Enfin, il y a le méchant videur. Il est tout trouvé; le parti facho, nazi, antisémite, et tout et tout ... mais jamais interdit ou dissous, jamais ses dirigeants arrêtés. Il est l'alibi nécessaire, l'épouvantail des idiots utiles ; Votez bien ... Sinon !!! 

Sinon chambres à gaz camps de concentration.
 





L’effet de cette offensive médiatique, c’est que les émotifs et les influençables voient la belle image, mais perdent de vue ce qui sera derrière ; “il beau ce couple amoureux ! “ “il est touchant ce jeune président qui honore les blessés de notre armée“, “il est tentant ce jeune dynamique qui nous fait de belles promesses le cœur sur la main“.

Quand Macron nous parle d’une “Europe qui protège“, il ne nous dit ni qui protège de quoi, ni comment. Que des mots creux, vides de sens ; être volontariste, constructif, libérer le travail, et autres balivernes.

Ces dames qui s’identifient à cette poupée en préretraite se voient-elles déjà habillée par LVMH et décrochant un jeunot de 25 ans son cadet ?

Elles déchanteront quand on leur dira qu’elles n’ont pas travaillé assez longtemps pour avoir une retraite décente.

Ces jeunes cadres dynamiques se voient-ils tous PDG d’une startup en train de compter les milliards sur leurs relevés de comptes bancaires ?

Ils connaîtront leur sort lorsqu’on les licenciera du jour au lendemain, avec des indemnités symboliques, calculées selon un barème qui n’a rien à voir avec leur préjudice réel.

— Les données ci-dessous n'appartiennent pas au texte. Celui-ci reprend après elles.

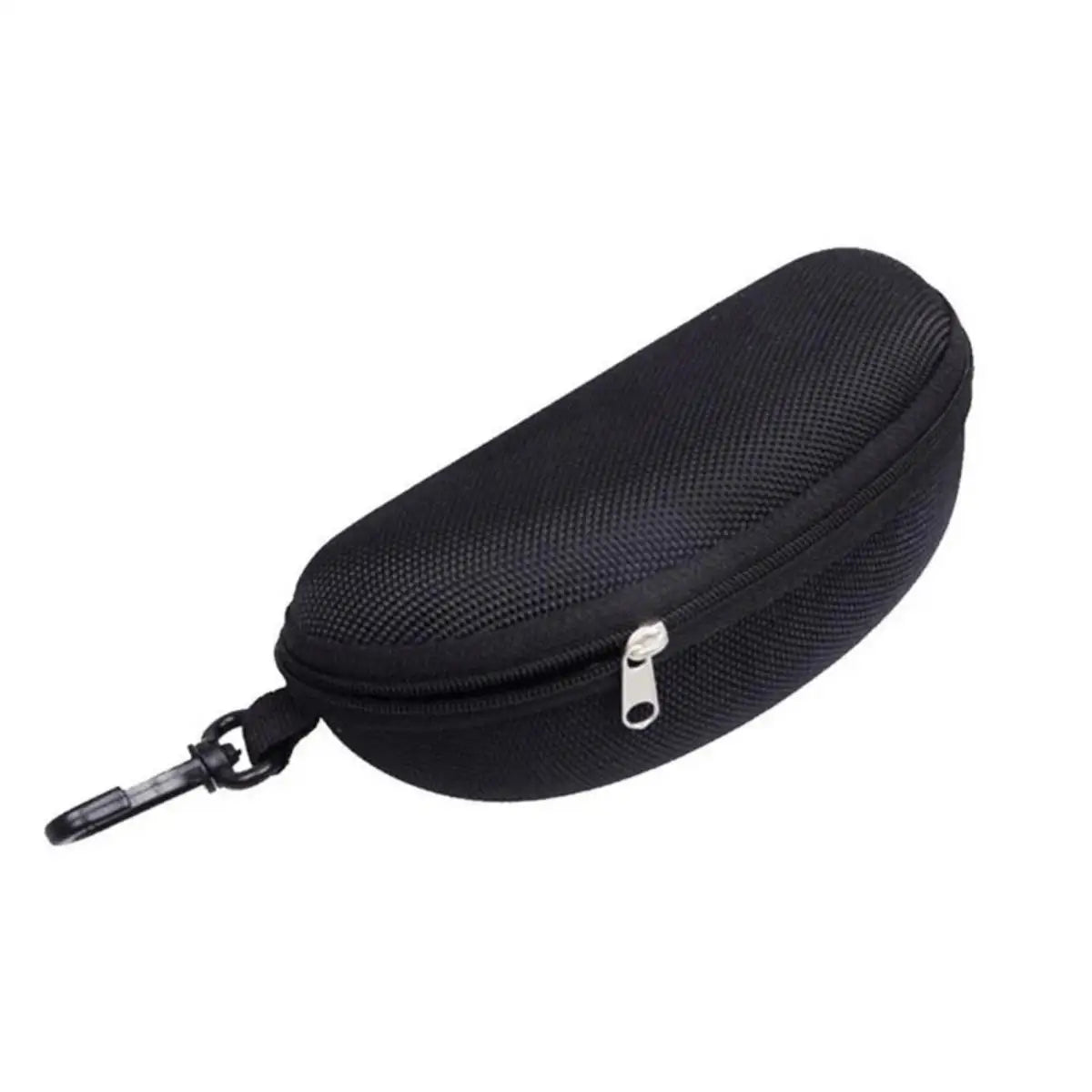 1pc Portable Sunglasses Case Protector Oxford Cloth Hard EVA Zippered Eyeglasses Case with Carabiner Unisex Eyewear Accessories by Rad Living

Ces retraités qui espèrent un avenir meilleur pour leurs enfants verront leurs retraites amputées pour contribuer à l’enrichissement des banquiers qui leur diront qu’ils dépensent trop, et qui leur conseilleront l’euthanasie active, au nom de l’obligation de mourir dans la dignité.


Mais dans toute cette histoire, qui sont les prostitués de la maison close en construction ?

En Thaïlande, ce sont ceux qui couchent dans le lit des riches.

En France, c’est pareil, ce sont ceux qui couchent dans le lit des banquiers.

Fucky ! fucky !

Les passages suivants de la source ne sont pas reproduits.